I'm unable to understand how it must be for a man to discover that his
sperm isn't of a quality to father a child.  Although, I would
imagine that for many men it's a shock that may be impossible to
recover from and they wouldn't be able to contemplate accepting donated
sperm. I'm not sure how I would have felt about having a donated egg if
it had been me.  For them to accept a child born through donated
sperm, knowing that it's clinically donated sperm rather than the
'informal' sperm donation that happens all too frequently, must be the
first step in the identity/paternity dilemma.  To transcend this
and love a child born from donated sperm, knowing that in so many years
this child can find their biological father might be too frightening a
prospect to face.  It would seem that the potential donors don't
want to think about who may come knocking in 18 years time so, what
shall happen? 



Will there be a rise in informally traded sperm?  Who tests for
any genetic problems?  How do you find your donor? 

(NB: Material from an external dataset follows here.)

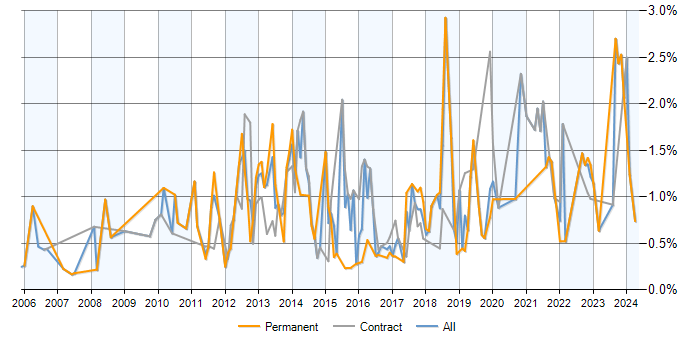 Job vacancy trend for PMP in Milton Keynes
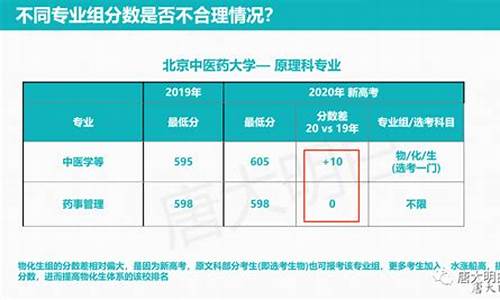 20年北京高考文科分数线,2020北京高考文科一分一段表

Perhaps it's me being overly simplistic and following a nurture rather
than nature thread.  Maybe it is important for people to have the
possibility to meet the person who provided the sperm.  Possibly
this is something that adopted people have struggled with and continue
to struggle with.  Maybe there is little difference to the person
born how the sperm was transferred to their mother and it is important
for them to have a possible link to their 'father'. 









5.12.05 13:59


It's a family affair

I
can remember the first time my partner had a miscarriage, it was on
one of my birthdays. Over the next couple of years there were more
miscarriages on more forgettable dates. In the meantime there were
tests which determined that whilst not impossible it would be
unlikely that she would successfully carry a pregnancy full term.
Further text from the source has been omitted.